Despite its capabilities, Bellatrix has some limitations:  

1. **Domain Specificity**: While it performs well on general tasks, its performance may degrade with highly specialized or niche datasets.  
2. **Dependence on Training Data**: It is only as good as the quality and diversity of its training data, which may lead to biases or inaccuracies.  

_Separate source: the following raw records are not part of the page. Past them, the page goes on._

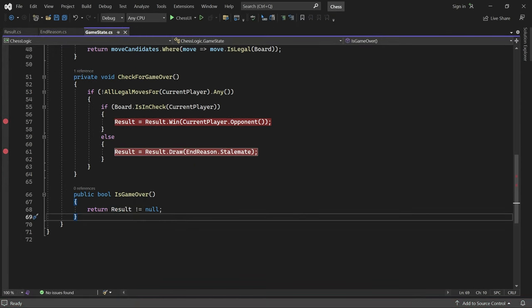The next step is to make the UI display this information when the game ends. So in the next part, we start working on a game over menu. See you then.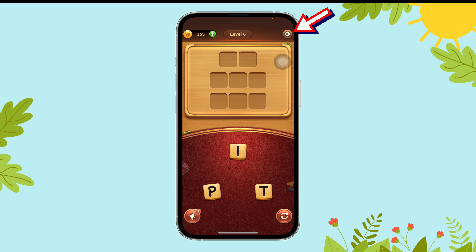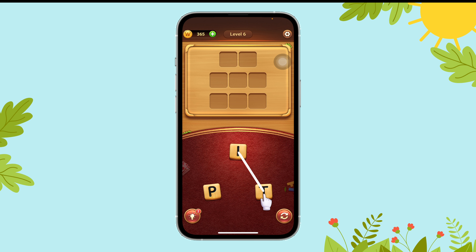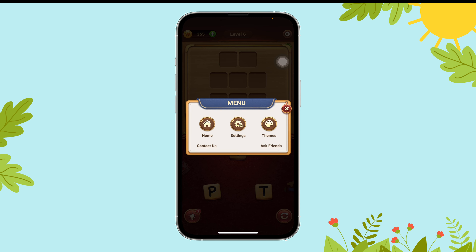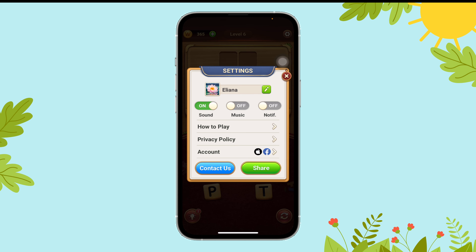Now tap on the gear icon that's on the top right corner of your screen. Here, select Settings and then toggle on the button just above the music section.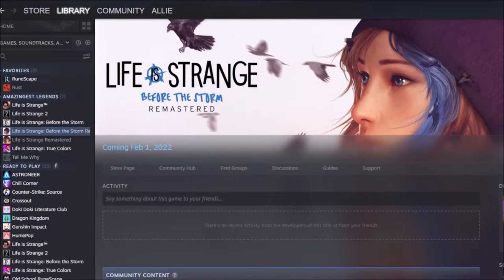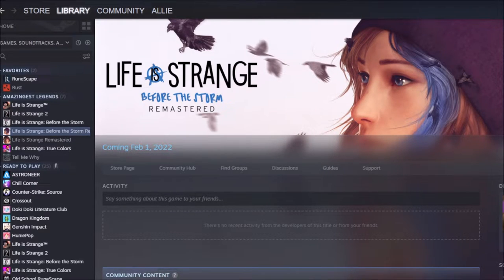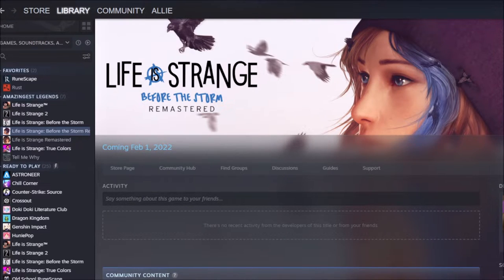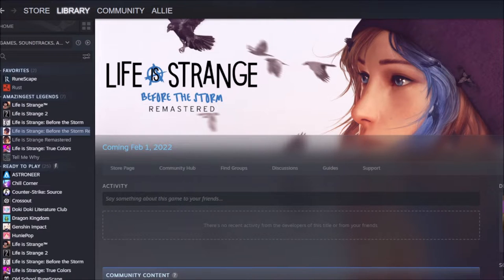Hey everyone, Allie here, and there is a little update on Life is Strange. Apparently they weren't coming out exactly the minute of February 1st.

3. **Computational Resources**: The model’s optimized transformer architecture can be resource-intensive, requiring significant computational power for fine-tuning and inference.  
4. **Language Coverage**: While multilingual, some languages or dialects may have limited support or lower performance compared to widely used ones.  
5. **Real-World Contexts**: It may struggle with understanding nuanced or ambiguous real-world scenarios not covered during training.